The round values the San Francisco-headquartered company at $1.5 billion, underscoring the rapid pace at which artificial intelligence startups are scaling globally.

The company is the sixth Indian startup to attain unicorn status this year and the second AI startup after Sarvam to achieve the milestone in recent months.

Founded by former Dunzo co-founder Mukund Jha, Emergent develops an AI-powered vibe coding platform that enables users to build, test and deploy software applications using natural language prompts, reducing the need for traditional programming skills.

The fresh capital will be used to expand product and engineering teams while strengthening the company’s go-to-market presence across Asia, the US and Europe.
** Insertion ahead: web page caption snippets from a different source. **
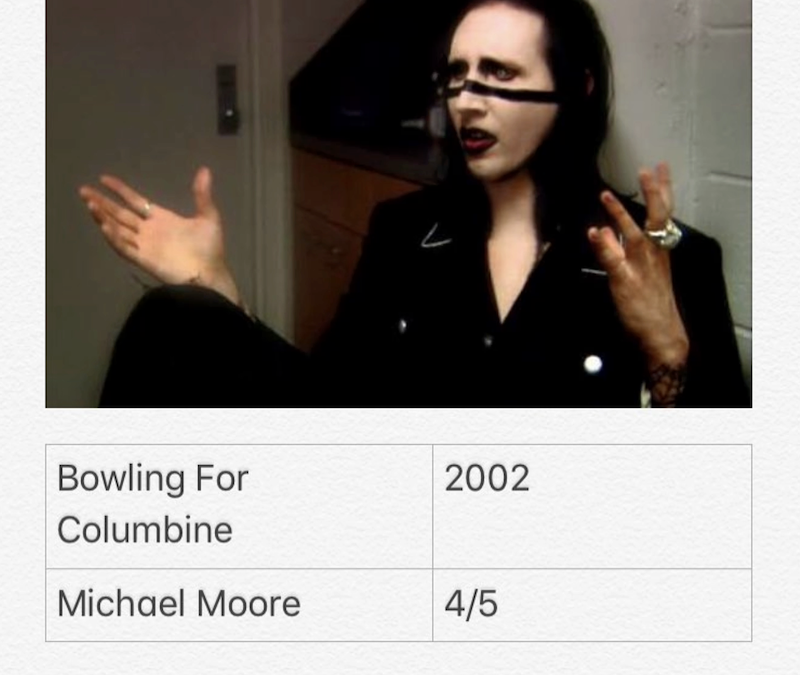 Bowling For Columbine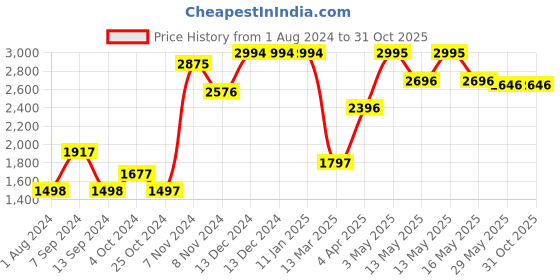 tatacliq.com Baggit Pink Solid Handbag baggit Price History Graph from 1 Aug 2024 to 31 Oct 2025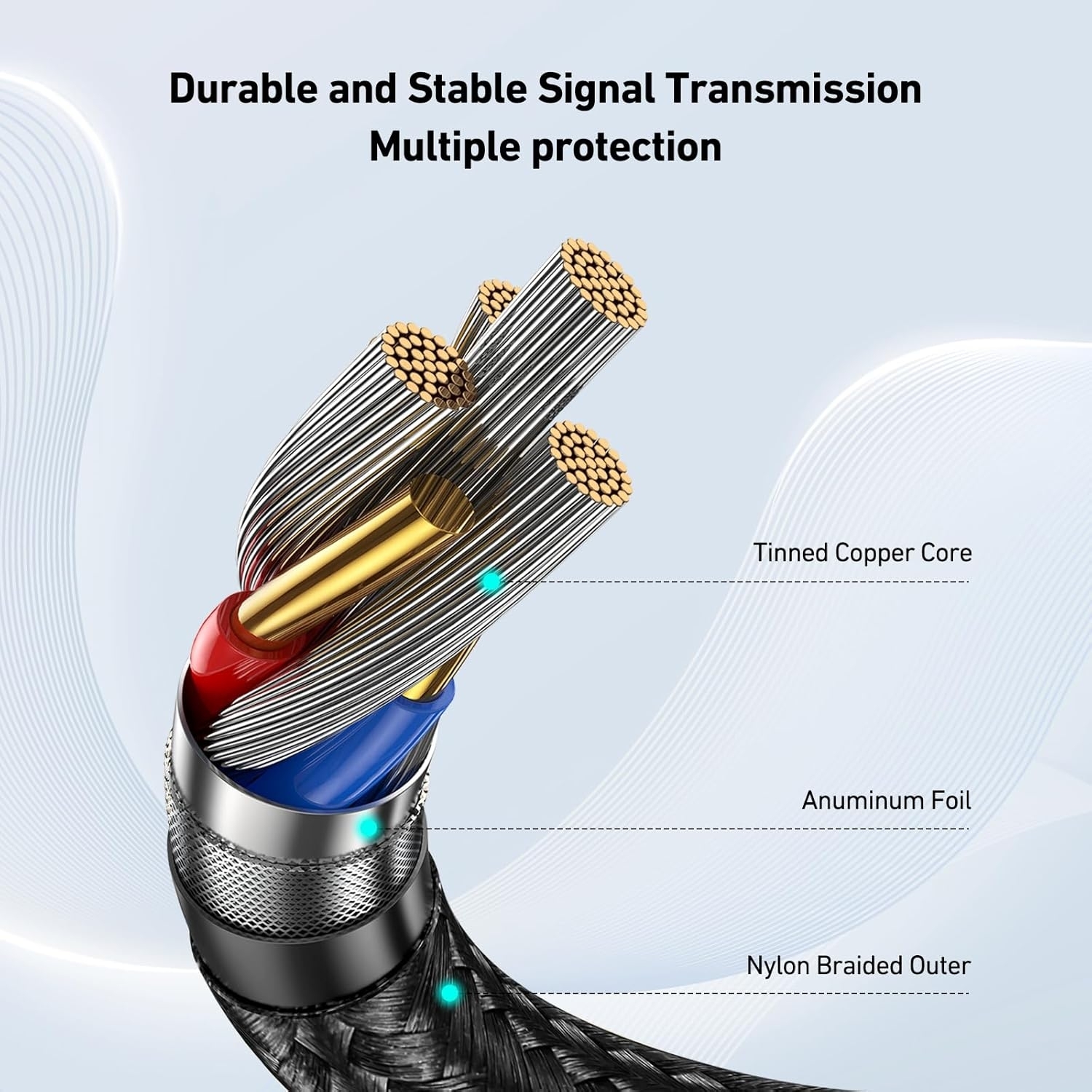 BENFEI 393GY-2M USB3.0 Male to Female Extension cable Nylon Braided 2M view 6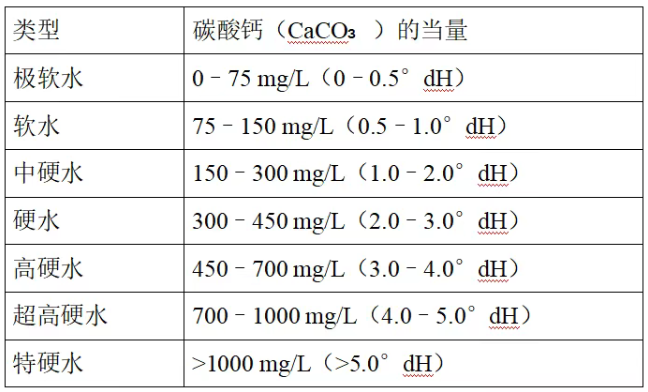水的硬度與人體健康的關系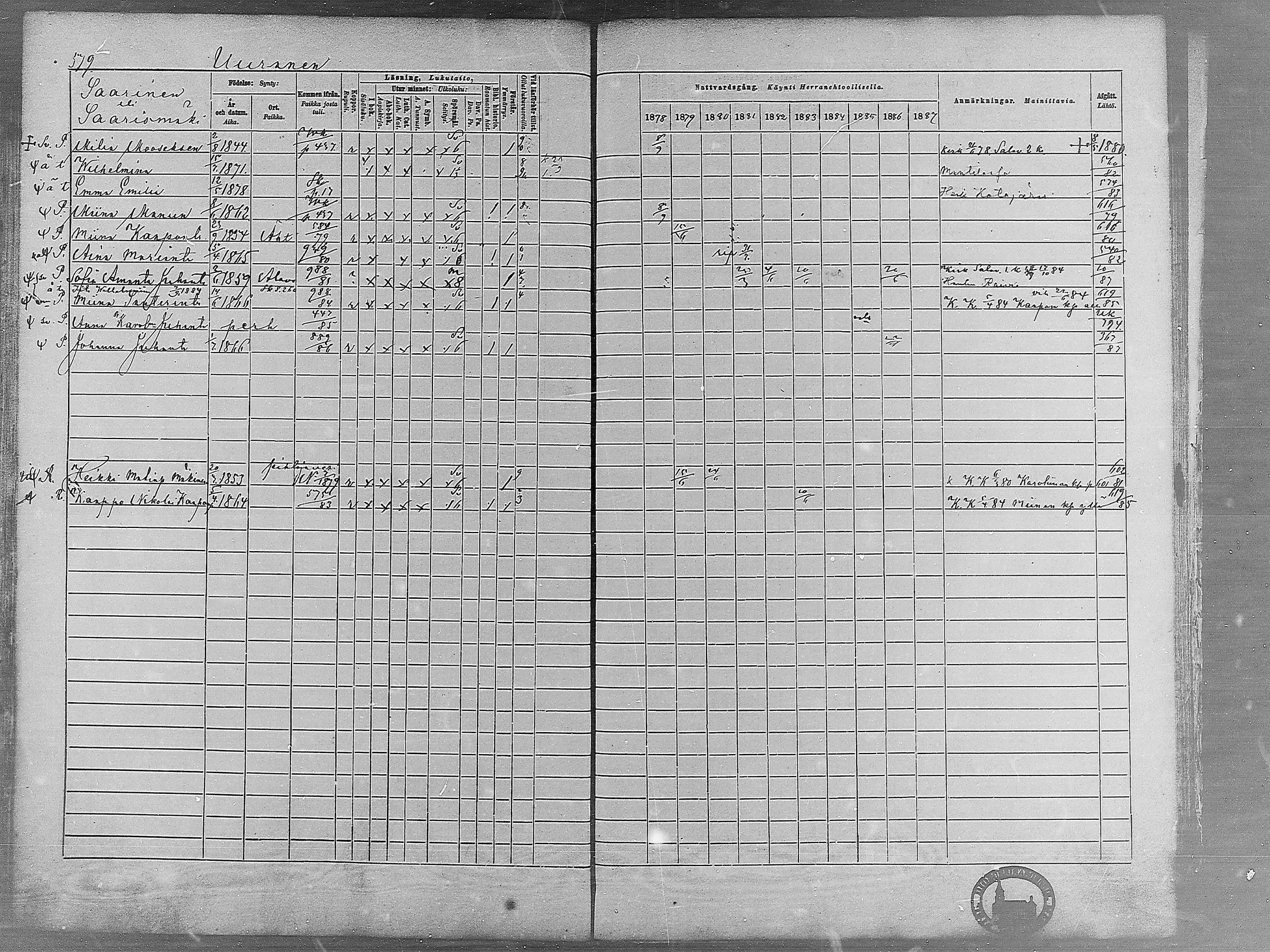 [ ../kirjat/Kirkonkirjat/virrat/rippikirja_1878-1887_mko66-99/kuvat/566.jpg ]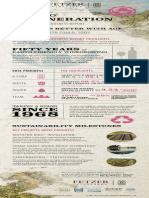 INFOGRAPHIC: Fetzer Vineyards' Road To Regeneration: Corporate Consciousness Report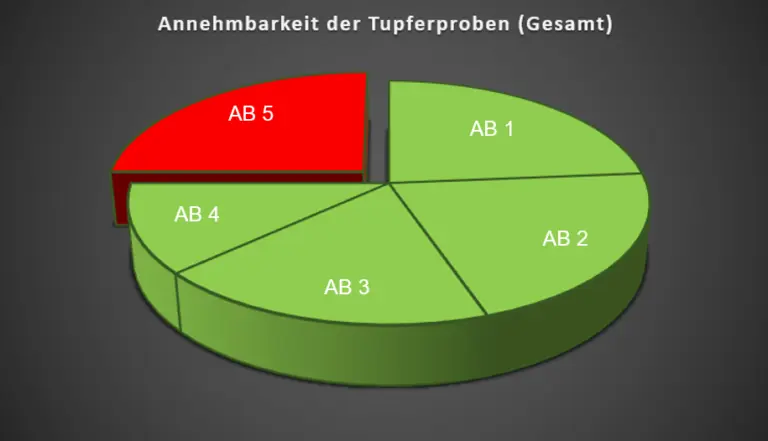 Hygiene sample statistics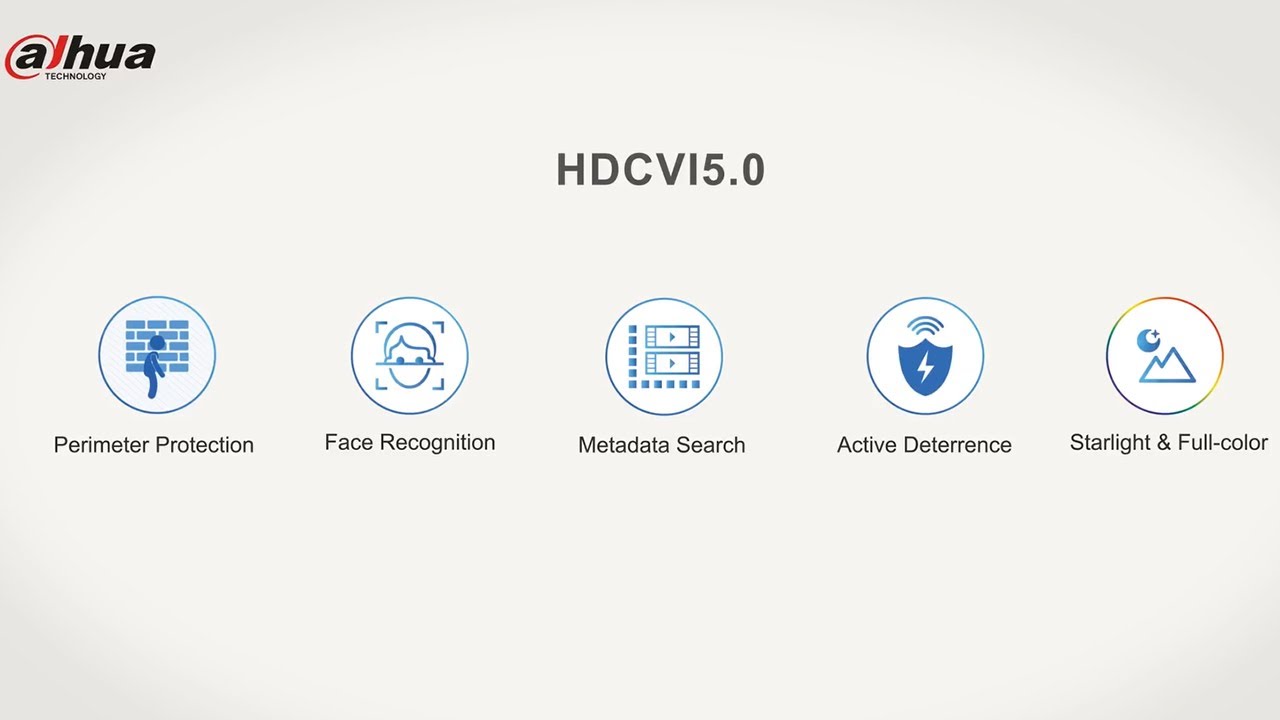 công nghệ HDCVI 5.0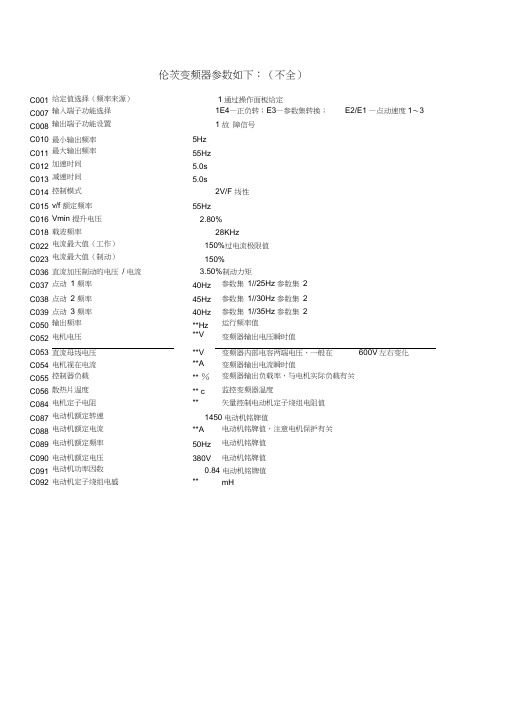 伦茨变频器参数如下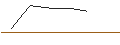 Intraday Chart für FAKTOR OPTIONSSCHEIN - HYPOPORT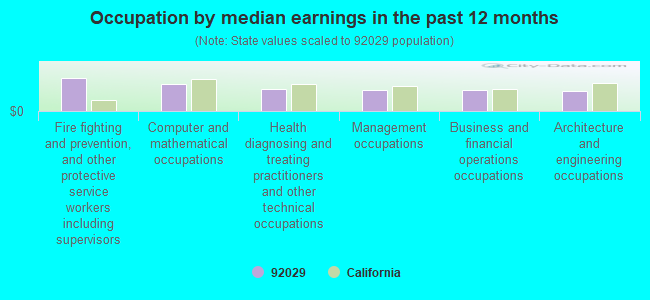 Occupation by median earnings in the past 12 months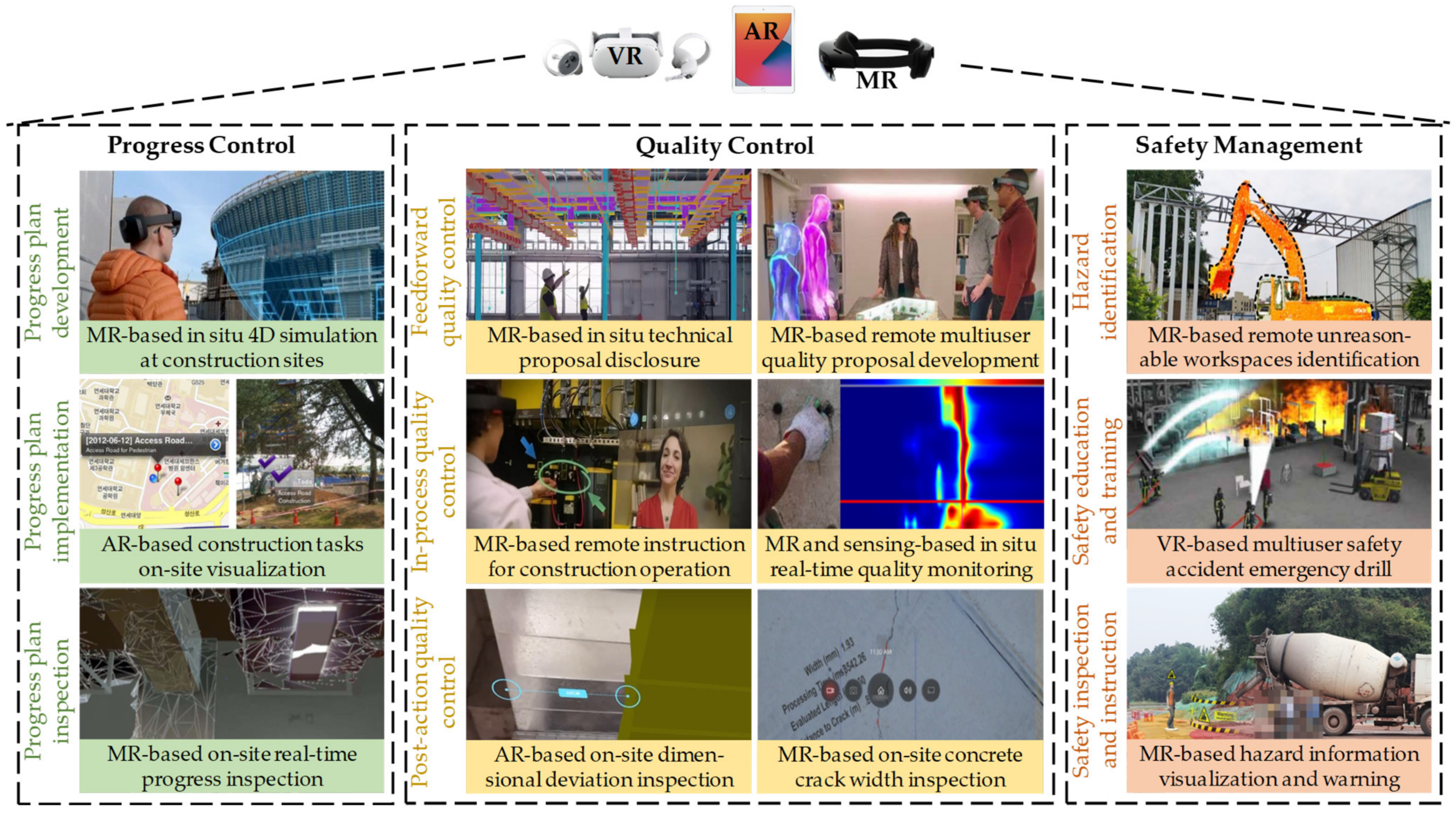 Buildings 13 00155 g002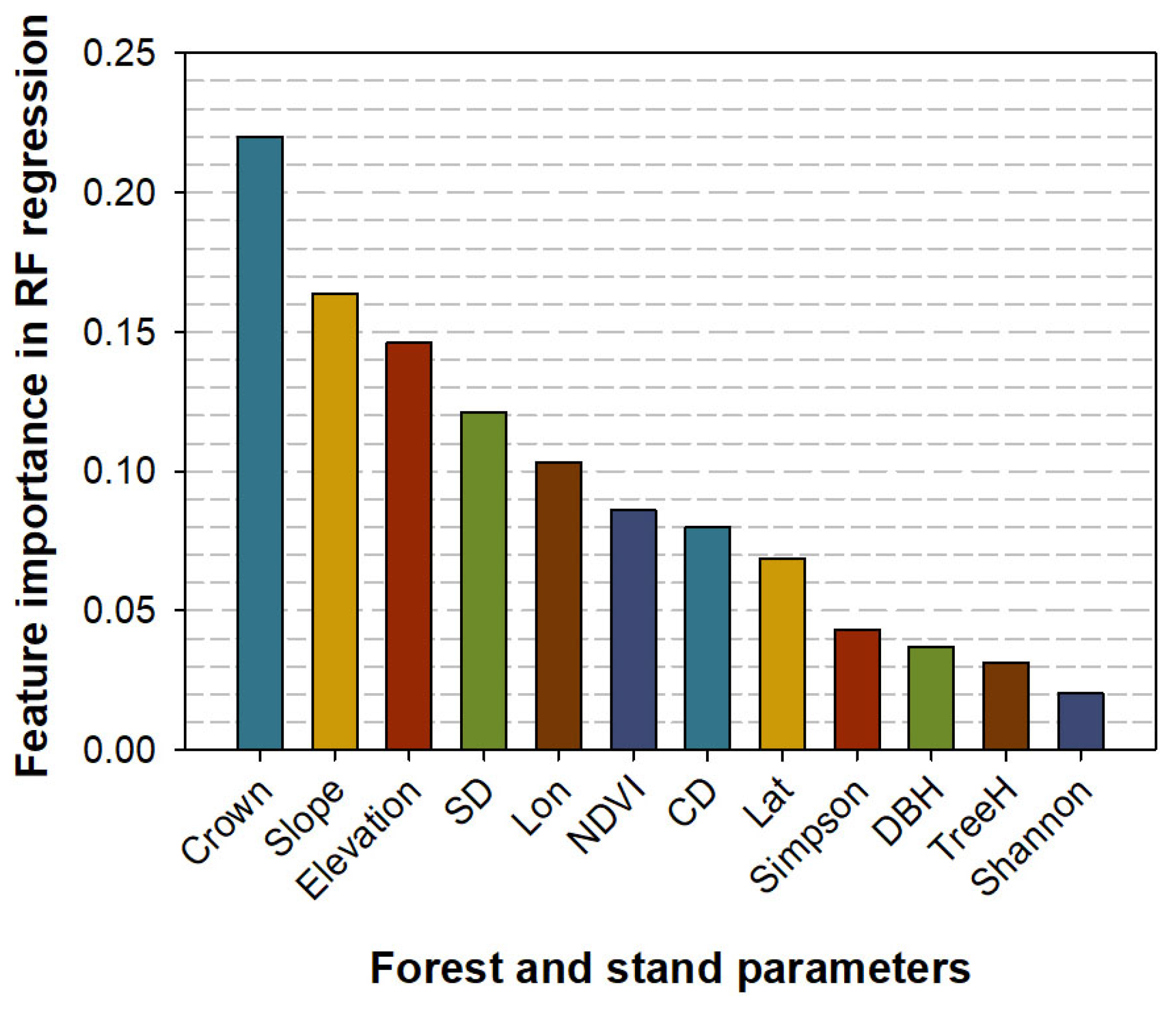 Forests 15 01252 g010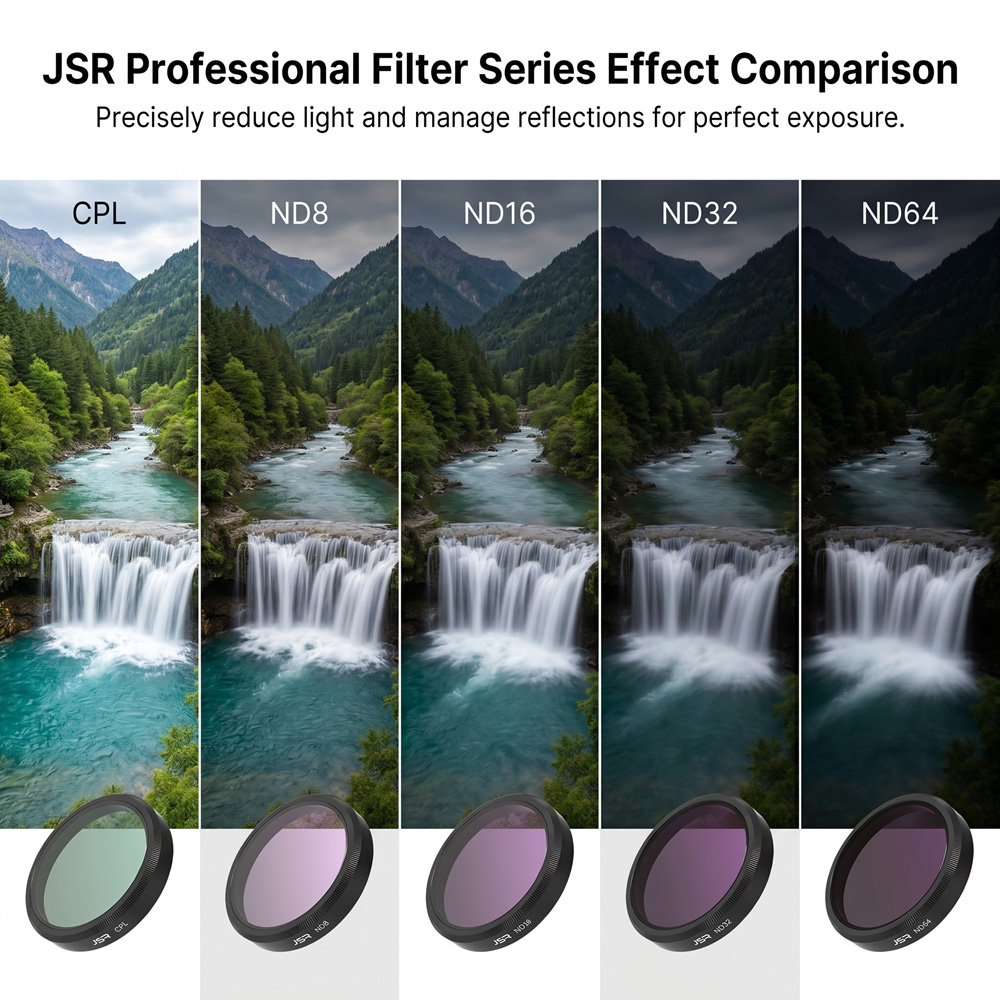 DJI ND Filter Set for Osmo Act - огляд і ціна Nd Filter Set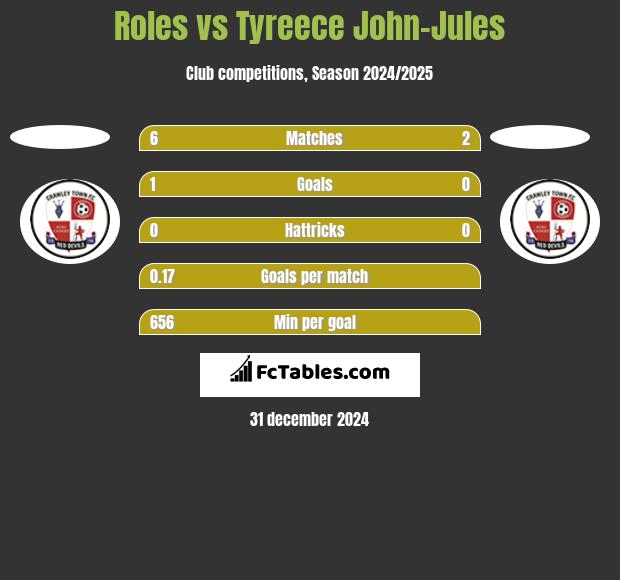 Roles vs Tyreece John-Jules h2h player stats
“We believe we’re one of the best app builders for serious production-grade applications globally. This funding will help us widen our technology lead,” Jha told FE.

Slashing Costs

Jha said the platform aims to dramatically lower software development costs for small businesses. According to him, an application that may traditionally cost between $100,000 and $500,000 to build can be developed on Emergent’s platform for less than $5,000 while maintaining enterprise-grade functionality and security.

More than 12 million applications have been built on the platform since its launch. Around 20-30% of users are business owners building or digitising their businesses, with small and medium enterprises contributing nearly 70% of the company’s revenue.

While North America and Europe remain its largest markets, Jha said India is emerging as a fast-growing opportunity as more businesses look to digitise.

“India is still significantly under-digitised. As AI tools become simpler and more affordable, we see a large opportunity for businesses that have never built software before,” he said.

Jha also said improving AI model efficiency and greater adoption of open-source models are helping reduce costs, improving margins for AI application companies that rely on foundation models.